Why? Because even though we think we are treating customers like they’re human, they know damn well that email is part of a blast to a list or the first in a line of drip campaigns.
Neil (rightly) makes the point that depersonalizing marketing actually makes it more effective because a personalization token is no replacement for honest and authentic communication. People can smell that b.s from a mile away and they trust you less for being disingenuous.
That's right, what people want is to be spoken to in a voice that resonates with them. Not an automated email that uses their name with a 50/50 shot at getting the capitalization right depending on how it got added to the CRM.

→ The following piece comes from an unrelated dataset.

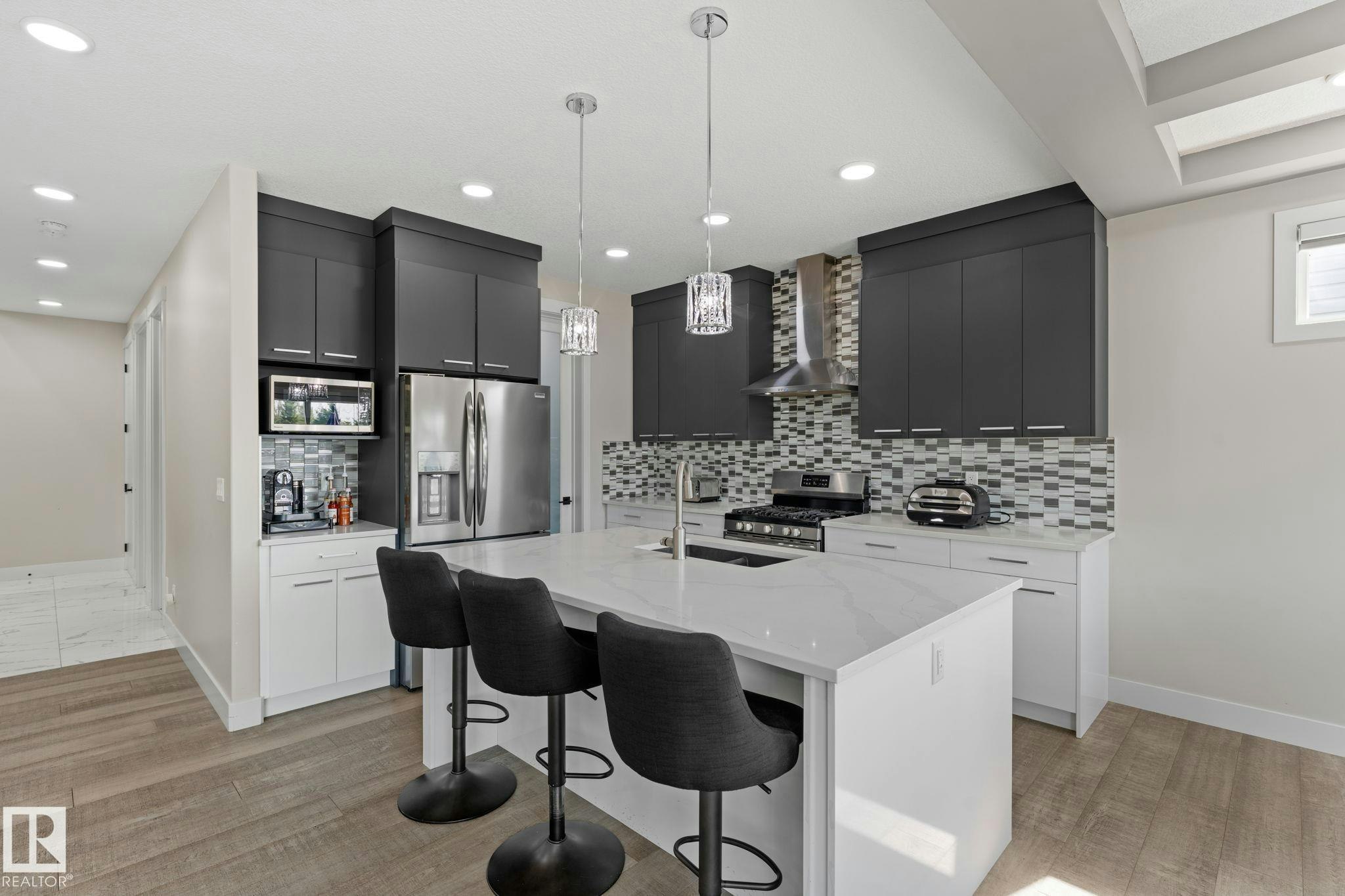 12383 176 Avenue, Edmonton, AB, T5X 0L3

Content is what makes the difference
While targeting is an important piece of good marketing, we believe it’s a small piece. What matters so much more is communicating with people on their terms. And believe it or not, that doesn’t require their Social Security Number, mother’s maiden name, favorite pet, internet history, or *gasp* contact information with affirmative consent or legal basis for contacting them.
In fact, you don’t need any personal data at all. What you need is to be observant and look into what your audience as a whole responds to. When you begin to tune into what your audience actuallylikes and build content around that, shockingly, they respond to it. A lot.
Instead of your 1% (maybe) personalization token lift, our clients like St. Regis are seeing a 72X increase in their social media engagement. And they are far from alone. On average when our new clients begin consistently implementing content insights into their marketing they see a 6.5X increase in their social media engagement metrics and click-through rate. Others are able to identify new opportunities for their content all together, or tailor their content strategies to new markets that have different tastes than their current customers.
And all of that requires exactly zero personally identifiable data.
That's why we've always believed the future of marketing looks like customers engaging with content from brands they legitimately love and getting products that add real value without getting sold out in the process. It’s better for customers, better for brands, and better for the marketers that get to make things their audience likes without having to work in a coffee powered content sweatshop.